/sampy

Distributions and sampling with Python

Primary LanguagePythonMIT LicenseMIT

sampy

sampy is a python package built to be a simple API for statistical distributions. The goal is to provide analysts with a simple tool to model data and sample known or empirical distributions.

Installation

sampy is distributed on PyPi and can be installed with pip.

pip install sampy

Generic API

Every distribution method in sampy initializes with the only the most immediate parameters for the distribution and a seed. Take the example of the normal distribution below.

# standard normal distribution
normal = sampy.Normal(center=0, scale=1)

# Poisson process
poisson = sampy.Poisson(rate=1)

# coin toss distribution
coin = sampy.Binomial(n_trials=1, bias=0.5)

# rolling dice distribution
die = sampy.DiscreteUniform(low=1, high=6, high_inclusive=True)

Setting Seeds

sampy sets multiple methods for intializing the random number generator state. The RNG state is built from the RandomState object from numpy and as such can take integer values to explicitly set the seed. The random state is set from within distribution classes, however we'll illustrate this with the underlying utility function.

# seed set by system clock
sampy.utils.set_random_state(None)

# seed set by integer
sampy.utils.set_random_state(42)

One feature added is the ability to safely hash strings, so that seeds can be set as helpful comments or descriptions.

dist = sampy.Binomial(1, 0.5, seed='docs example of sampy seeds')
dist.seed
>>> 'docs example of sampy seeds'

Fitting Distribution Models

sampy provides a scikit-learn api style that allows users to fit data as well as incrementally update parameters via the partial_fit method.

# sample from true distribution
true = sampy.Normal(0, 1, seed='sampy docs examples for model fit')
X = true.sample(10)

# train model
model = sampy.Normal().fit(X)
model
>>> Normal(center=-0.19680447372083085, scale=0.8069214766303398)

This shows that the method of moments implementation decently in limited data, however 10 data points is very limited and in real engineering systems data can be streamed. A model should be able to update as new data is introduced.

# continue fitting data
for x in true.sample(100, 10):
    model.partial_fit(x)
model
>>> Normal(center=-0.0588523276136086, scale=0.9130479685560422)

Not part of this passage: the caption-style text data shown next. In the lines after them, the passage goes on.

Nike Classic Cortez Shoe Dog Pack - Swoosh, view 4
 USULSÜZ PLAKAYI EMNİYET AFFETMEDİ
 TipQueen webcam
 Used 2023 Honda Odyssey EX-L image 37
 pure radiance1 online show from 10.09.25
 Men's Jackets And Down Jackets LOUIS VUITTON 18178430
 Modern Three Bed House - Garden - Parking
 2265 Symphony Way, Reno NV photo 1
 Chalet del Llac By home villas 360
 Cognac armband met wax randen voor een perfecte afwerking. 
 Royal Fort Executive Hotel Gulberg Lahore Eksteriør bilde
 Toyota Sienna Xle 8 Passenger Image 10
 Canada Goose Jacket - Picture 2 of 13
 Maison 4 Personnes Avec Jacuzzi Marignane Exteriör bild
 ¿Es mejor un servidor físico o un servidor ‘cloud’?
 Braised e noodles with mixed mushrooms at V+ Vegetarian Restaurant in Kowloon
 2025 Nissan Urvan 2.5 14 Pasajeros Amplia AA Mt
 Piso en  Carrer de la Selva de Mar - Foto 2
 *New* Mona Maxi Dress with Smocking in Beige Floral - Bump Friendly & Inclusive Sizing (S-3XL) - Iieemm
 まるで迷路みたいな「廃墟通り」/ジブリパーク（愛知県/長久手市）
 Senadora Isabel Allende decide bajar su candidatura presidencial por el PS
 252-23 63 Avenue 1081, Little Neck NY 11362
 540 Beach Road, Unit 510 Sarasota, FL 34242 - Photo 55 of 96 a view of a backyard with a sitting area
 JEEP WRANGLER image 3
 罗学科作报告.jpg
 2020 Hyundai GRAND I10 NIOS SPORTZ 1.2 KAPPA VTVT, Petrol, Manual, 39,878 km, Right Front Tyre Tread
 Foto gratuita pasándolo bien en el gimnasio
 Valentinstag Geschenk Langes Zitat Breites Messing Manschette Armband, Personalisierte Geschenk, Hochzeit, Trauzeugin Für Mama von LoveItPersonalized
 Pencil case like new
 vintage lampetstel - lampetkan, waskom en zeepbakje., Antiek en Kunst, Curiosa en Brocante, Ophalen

To simplify the API further, we have also added the class method from_data to quickly intialize a new model distribution without the extra call initialization.

model = sampy.Normal.from_data(X, seed='Example of from_data class method')

Note: Both from_data and fit are identical in implementation that they clear the distribution of any pre-defined parameters. The from_data method can be beneficial in cases when parameters have no prior estimate.